··· Data provided ···

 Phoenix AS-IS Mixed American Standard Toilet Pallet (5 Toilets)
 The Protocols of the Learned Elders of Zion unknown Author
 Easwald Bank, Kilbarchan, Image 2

···
··· Data provided ···

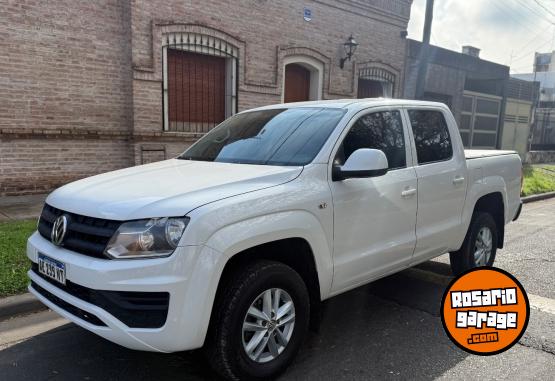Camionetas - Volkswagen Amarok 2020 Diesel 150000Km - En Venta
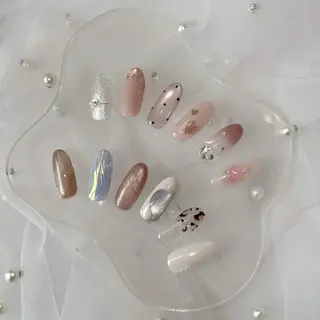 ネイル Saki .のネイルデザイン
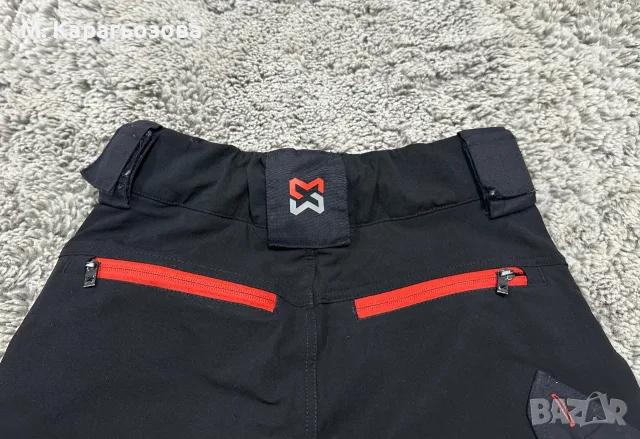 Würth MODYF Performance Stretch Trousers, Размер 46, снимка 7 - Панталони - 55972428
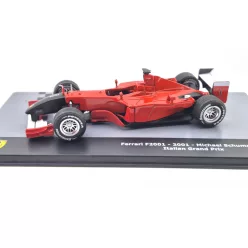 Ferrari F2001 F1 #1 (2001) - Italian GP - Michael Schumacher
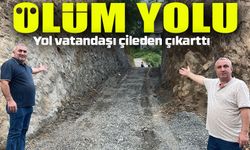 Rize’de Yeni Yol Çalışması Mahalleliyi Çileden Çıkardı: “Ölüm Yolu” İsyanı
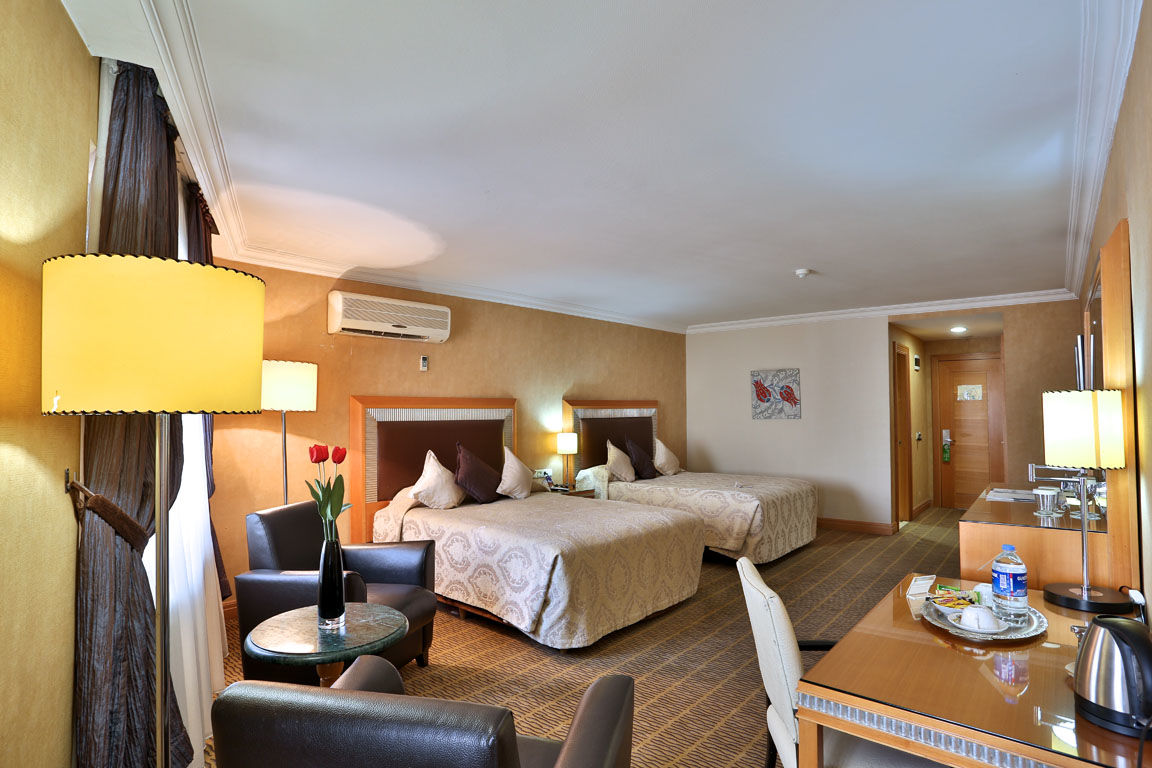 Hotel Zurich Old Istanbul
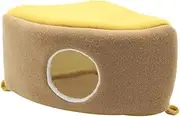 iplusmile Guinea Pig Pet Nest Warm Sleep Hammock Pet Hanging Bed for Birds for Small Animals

···
··· Data provided ···

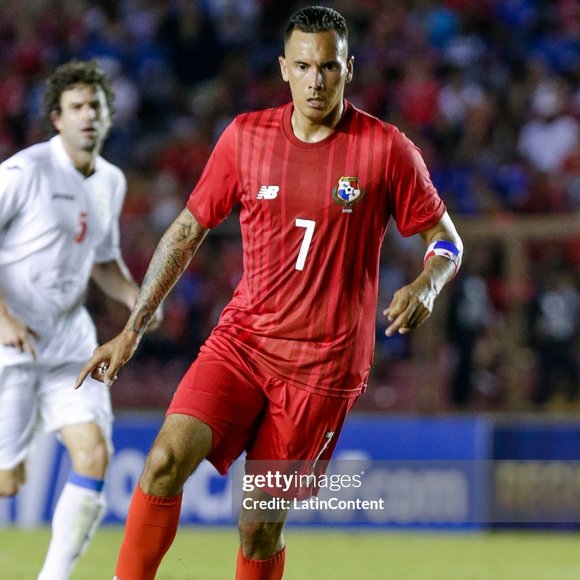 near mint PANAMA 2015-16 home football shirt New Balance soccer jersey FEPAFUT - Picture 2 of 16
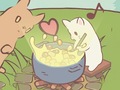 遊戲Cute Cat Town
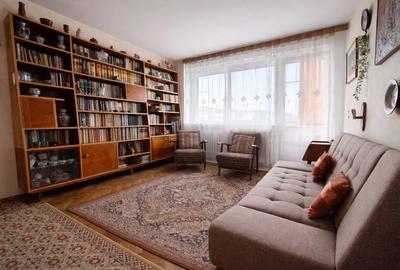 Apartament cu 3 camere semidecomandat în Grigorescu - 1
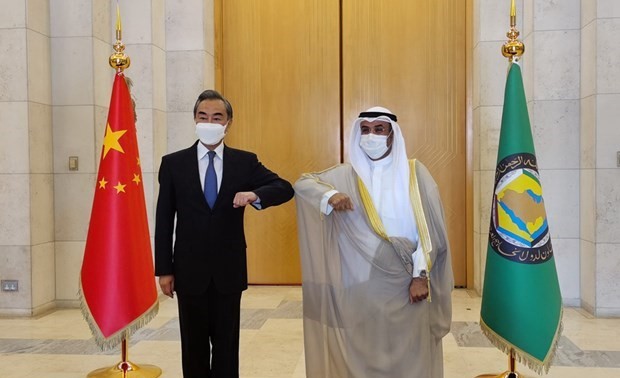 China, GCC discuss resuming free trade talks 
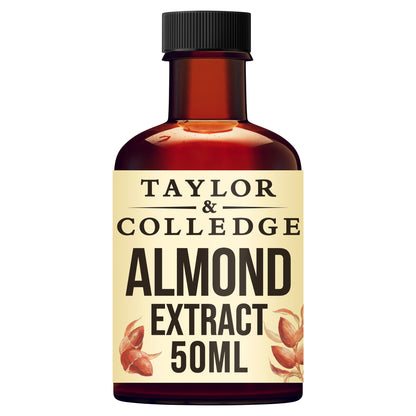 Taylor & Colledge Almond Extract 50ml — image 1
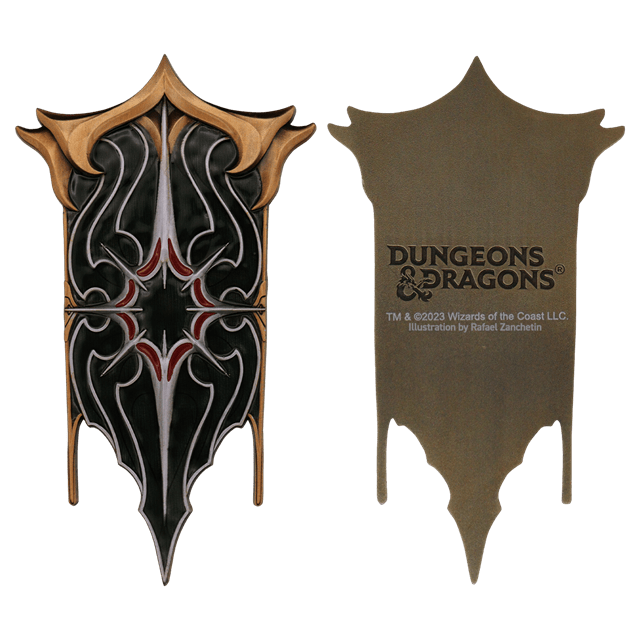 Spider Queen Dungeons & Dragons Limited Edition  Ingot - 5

···

### What is needed:
Print nothing except the lines above from the one containing "Taylor & Colledge" down to the one containing "Spider Queen Dungeons", both included, exactly as written and free of pictures.

### Answer below:
 Taylor & Colledge Almond Extract 50ml — image 1
 Spider Queen Dungeons & Dragons Limited Edition  Ingot - 5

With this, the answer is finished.